It’s Sunday, and Pam and I have been doing our best to get on with our lives after the loss of our beloved pet. It’s hard to predict when grief hits; sometimes it’s when we reenter the house on returning from shopping or a day trip to Pam’s brother and sister-in-law. Sometimes it’s the evening, upon finishing dinner.
A layer of sadness, like dust, covers us, but we are moving on. We’re getting ready for another trip to Vancouver, this time for me to do some job hunting and meeting with people (covered in an earlier post). Rather than stay home utterly alone, Pam luckily located a reasonably-priced flight and although we are once again not traveling together (will we ever again?), it’s not as ridiculous as last time, when she paid 4 times what I did due to changing plans at the last moment (her Uncle Jim dying the day before we were due to leave).
I’m looking forward to seeing our new home town without the usual constant rain, but so far it looks like we’re once again going to be in another 5–6 day deluge. I’ve got to admit that this has to be the worst luck I’ve ever had with any place with regard to weather, so I’m hoping we’re getting the clichés about the Pacific Northwest out of the way up front before we even move there. Otherwise, it’s going to be hard getting used to a place that never stops raining for all the months and years we might be living there. Some day it has got to stop raining in Vancouver, but perhaps that won’t happen until after we move. Talk about a leap of faith.
written while listening to: Mozart — String Quintet in G minor — ii. Menuetto. Allegretto from the album “String Ensembles” by The Orlando Quartet
Since we’ve had absolutely zero inquiries from the posters about the piano for sale, I decided to escalate it a bit. It’s now listed on Craigslist. I tried to base the listing somewhat on the poster (left out some of the marketing, which to me always looks cheesier on web pages). If this doesn’t work, we’ll have to escalate to the next level, which will be, I think, the Boston Globe classifieds. I’m hoping it doesn’t come to that, but we’ll have to see.
Also, more documents have arrived, notably a sealed transcript from the University of Cincinnati. That leaves the letters from HR Departments, passport photos, a complete physical and the notification from the Cambridge Police Department. I’m not too worried about any of these except for the last two (and of those two the very last one for sure). Oh, and all the forms for Canadian immigration filled out, which is pretty mammoth as well.
I’ll be in Vancouver again in about 3 weeks, this time for a Multimedia/Technology/Internet conference at the geodesic dome that houses the BC Science Centre. Ah, what a pleasure it is to spell that with the ‘r’ before the ‘e’ again (takes me back to my days as a British student).
Back from a visit to my parents in Baltimore, and trying to get caught up on email and snail mail. The documents needed for our immigration to Canada are now starting to flow in. So far I’ve gotten:
- Birth Certificate
- Marriage Certificate
- Sealed Transcript from Cambridge University
Now the remaining documents include:
- Sealed Transcript from the University of Cincinnati (for my undergrad degree). Have sent away for it, but nothing yet.

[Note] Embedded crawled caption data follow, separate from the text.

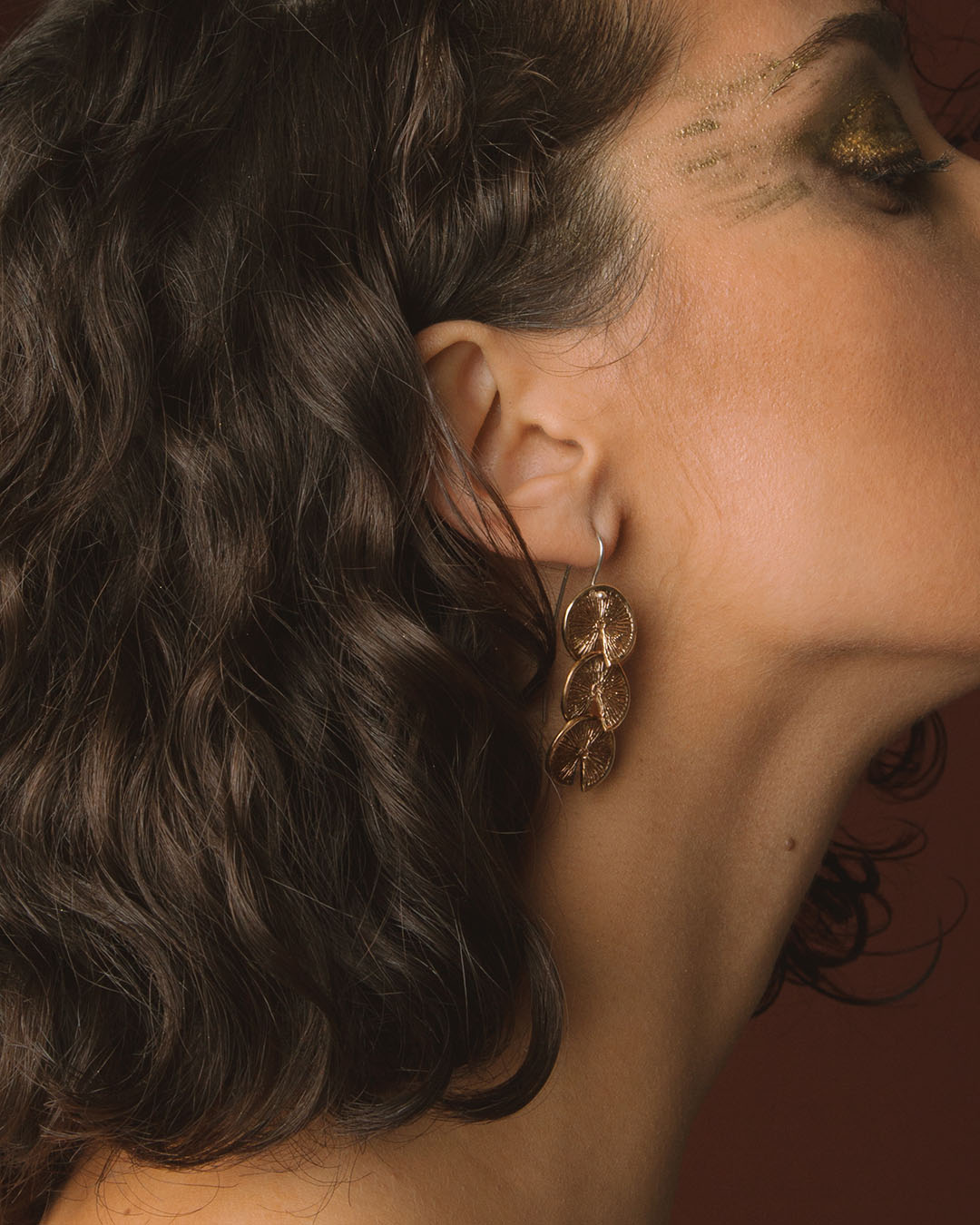 Celestine by Zoe _ Grappolo Pendant Earrings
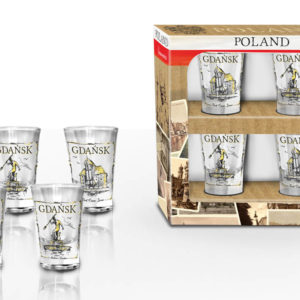 Komplet kieliszków Gdańsk-0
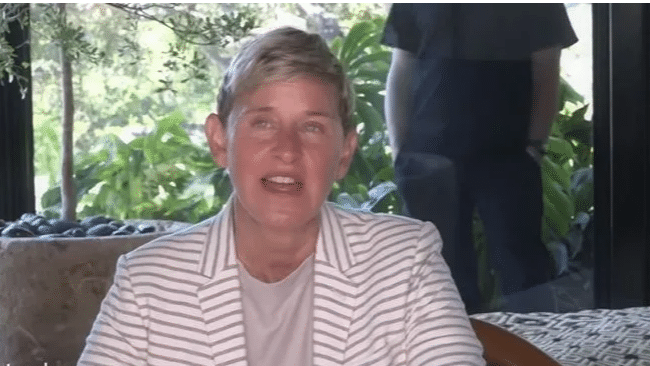 Celebrities come in support of TV host Ellen DeGeneres after her show receives flak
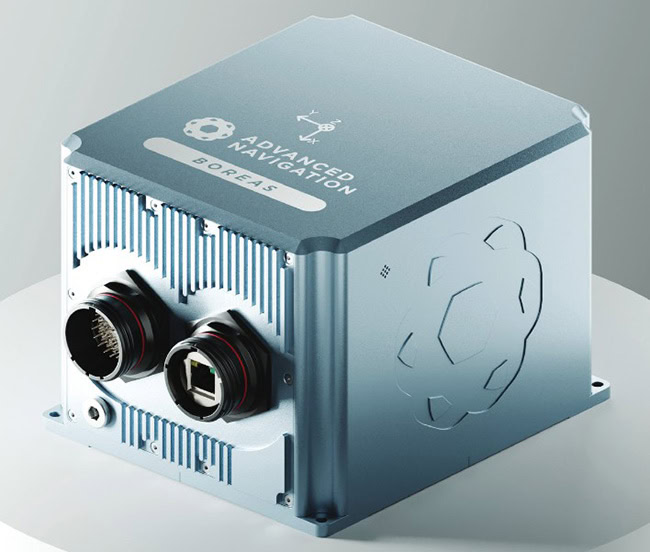 Dòng thiết bị INS cao cấp của Advanced Navigation - Boreas A90. Dòng thiết bị INS cao cấp của Advanced Navigation - Boreas A90.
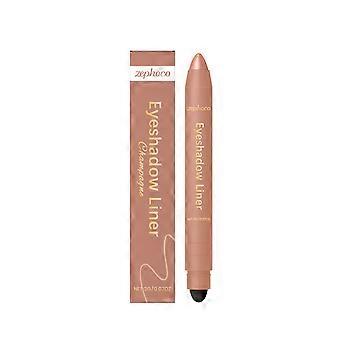 zephoco Two-In-One Eyeliner Pen Provides A Smooth And Colorful Outline That Is Easy To Apply And Makes The Eyes Look Dazzling. It Is A Fashionable Eye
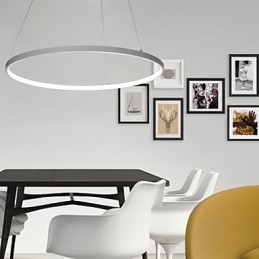 Dimbar Pendellampe Med 80 Cm Diameter, Moderne Design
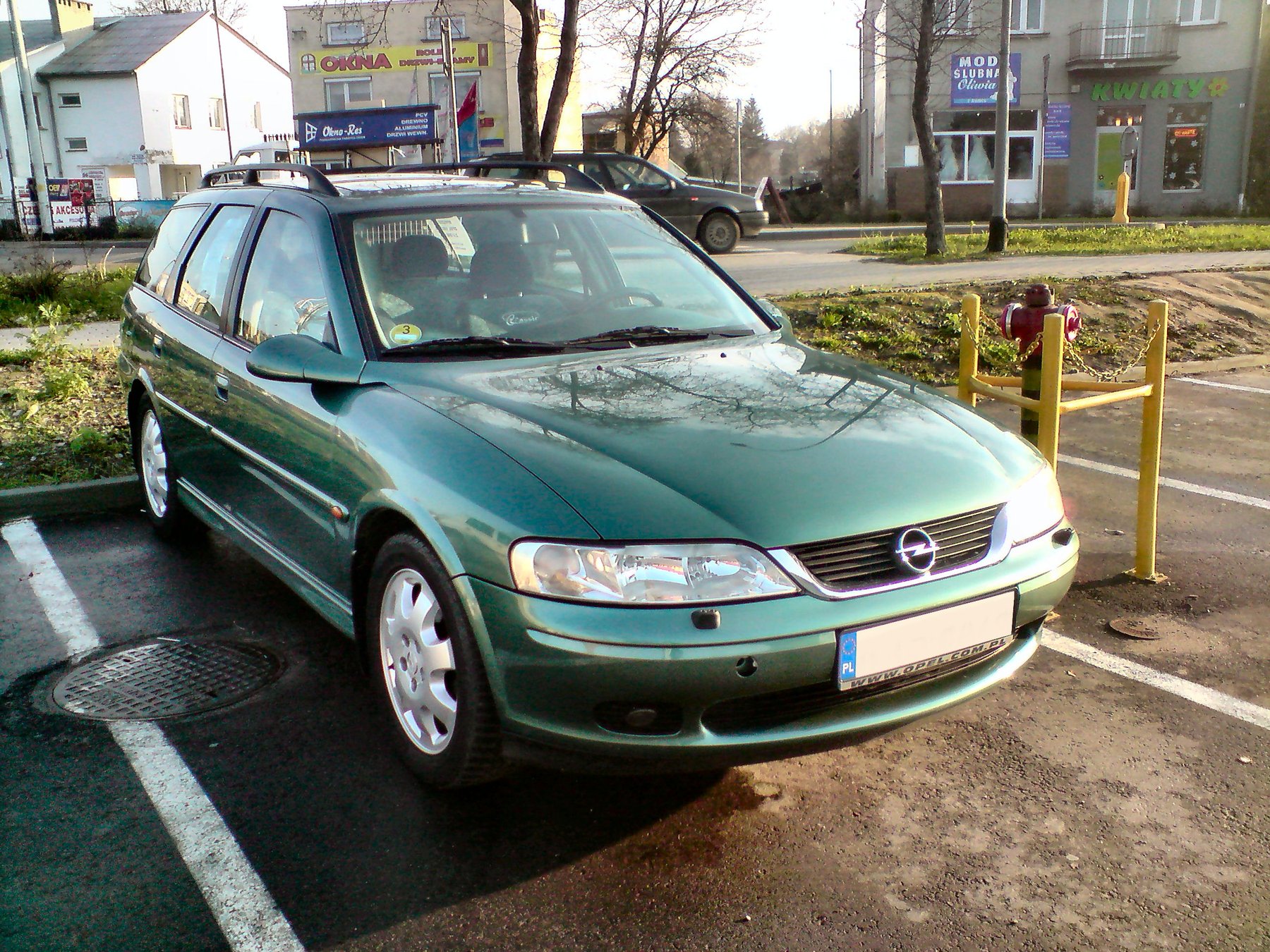Opel VECTRA STATION WAGON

- Letters from the HR Departments of my last 3 jobs attesting to the fact that I did in fact work there (on Company stationery). I have to get moving on this.
- A form from the Cambridge, England Police Department concerning my stay there as a student in 1983 (I don’t have a clue how to proceed here).

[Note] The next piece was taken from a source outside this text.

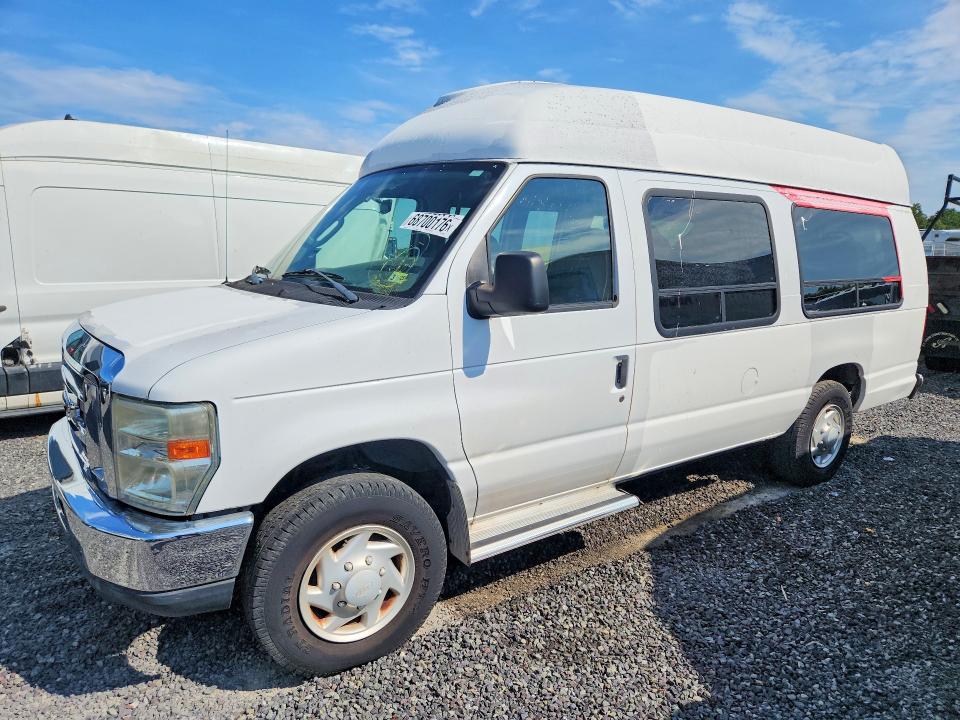 Продажа на аукционе авто 2008 Ford Econoline, vin: 1FTNS24W18DB51489, номер лота: 68700176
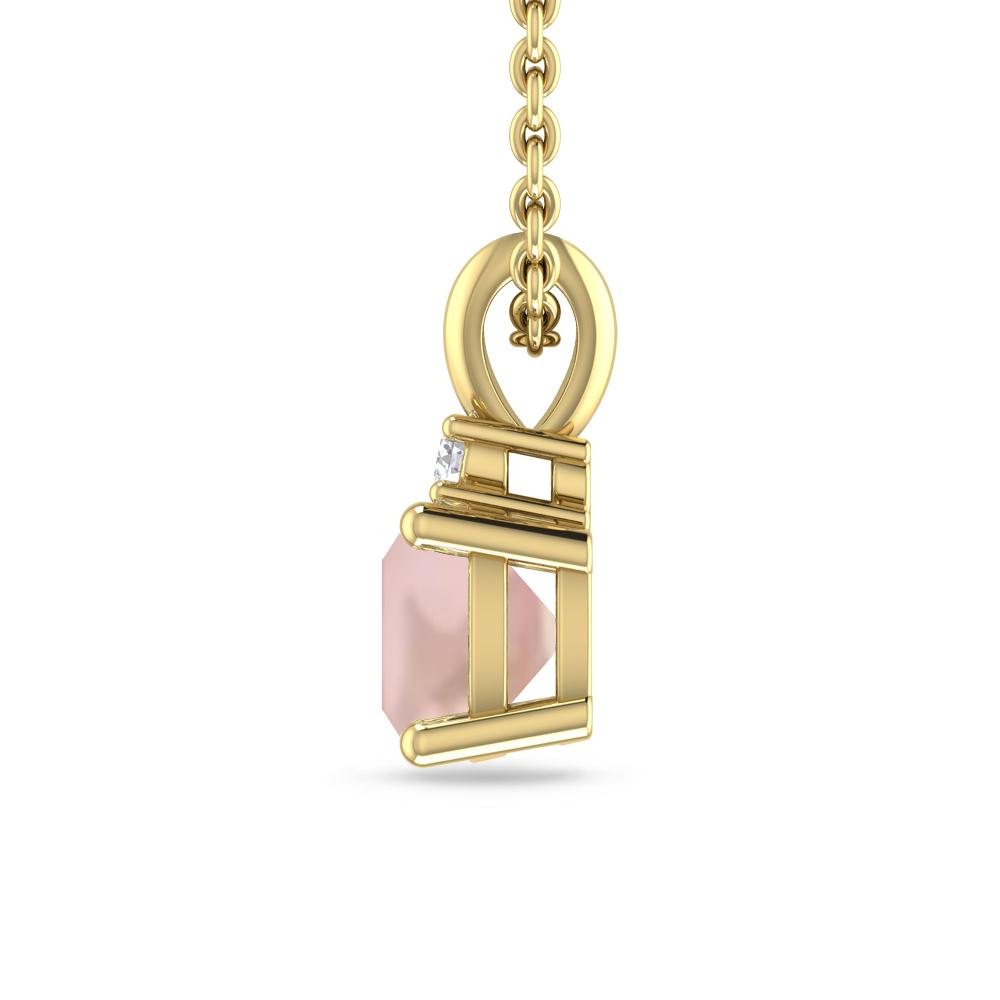 Yellow Gold - Morganite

- Passport-type photos. That should be easy.
- Results of a complete Physical. Have to get this scheduled soon.
That’s most of it, I think. That’s not including the portfolio of my work that I’m trying to put together. I’ll be back in Vancouver for a Multimedia/Internet convention at the end of the month, and hopefully should be able to deliver some of these documents as well as my other information to the offices of our lawyer there at that time.
Slowly but surely.
written while listening to: Tubin — Sonatina in D minor — ii. Andante sostenuto, quasi largo from the album “Tubin — The Complete Piano Music” by Vardo Rummessen
We had to change our plans for today. We were planning on going to New York City for the day, leaving early in the morning on the Fung Wah or Lucky Star Bus to Chinatown. Well, we woke up 40 minutes too late because Pam had turned on the alarm, and I had unknowingly turned it right back off again (*tap-tap on, tap-tap off*). So our experience of ‘The Gates’ will have to wait for a few days. Good thing we hadn’t bought tickets already.

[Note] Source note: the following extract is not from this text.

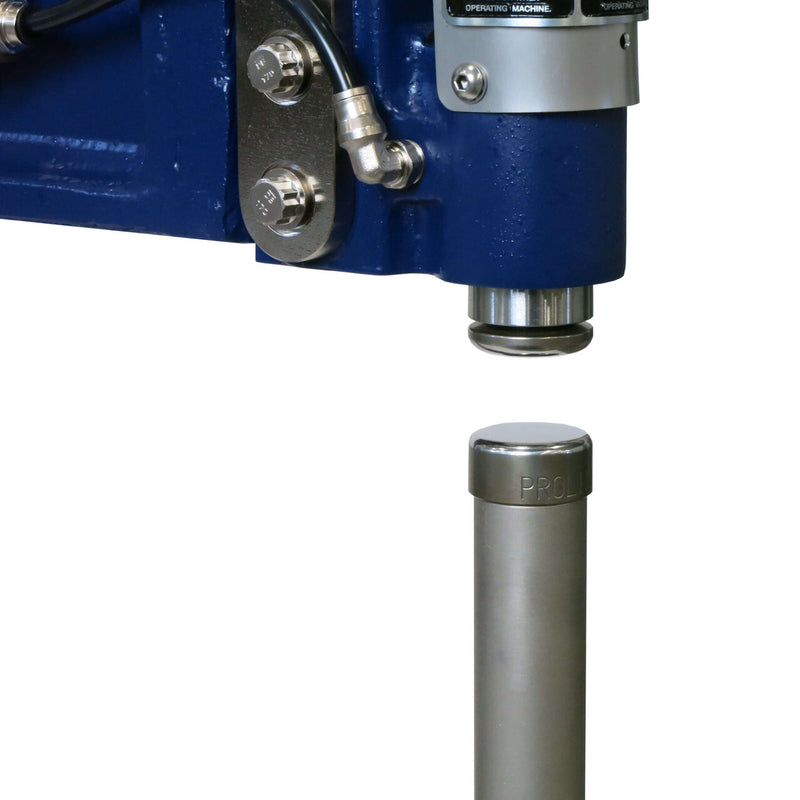 ProLine 36in Cast Iron Planishing Hammer Upper and Lower Dies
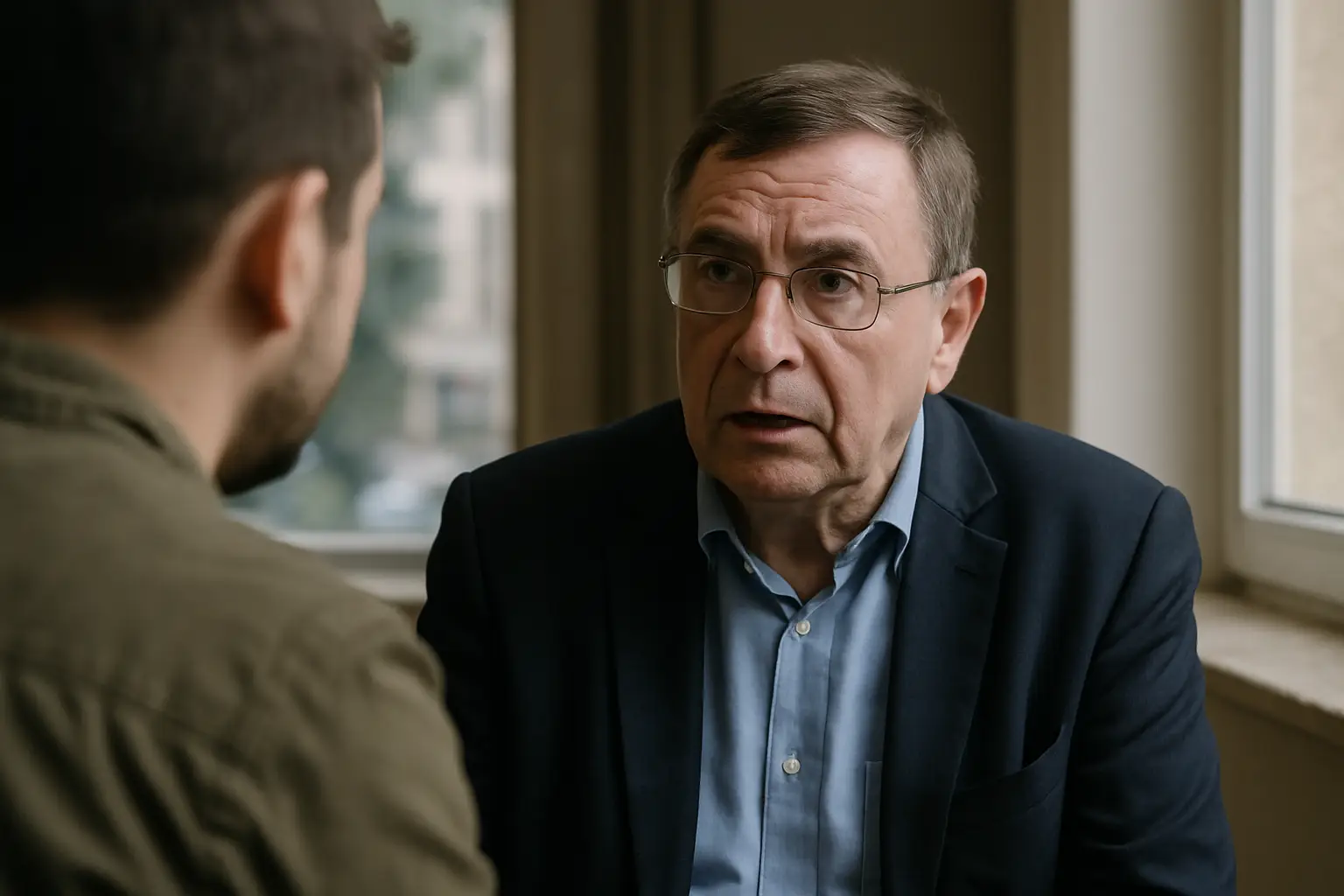 Interview mit Wolodymyr Fessenko: "Auch bei Putin befinden wir uns oft im Bereich der Psychiatrie"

Took the opportunity to get some stuff done, since I was here a day I thought I wouldn’t be: Got advertisements for the piano posted at the Longy School of Music and the New England Conservatory (actually, at NEC you can only leave the flyer there, and hopefully someone will post them in a good place) I take some pride in that it was a beautifully designed and produced poster, complete with photos and schematic in full color. (Here’s a PDF).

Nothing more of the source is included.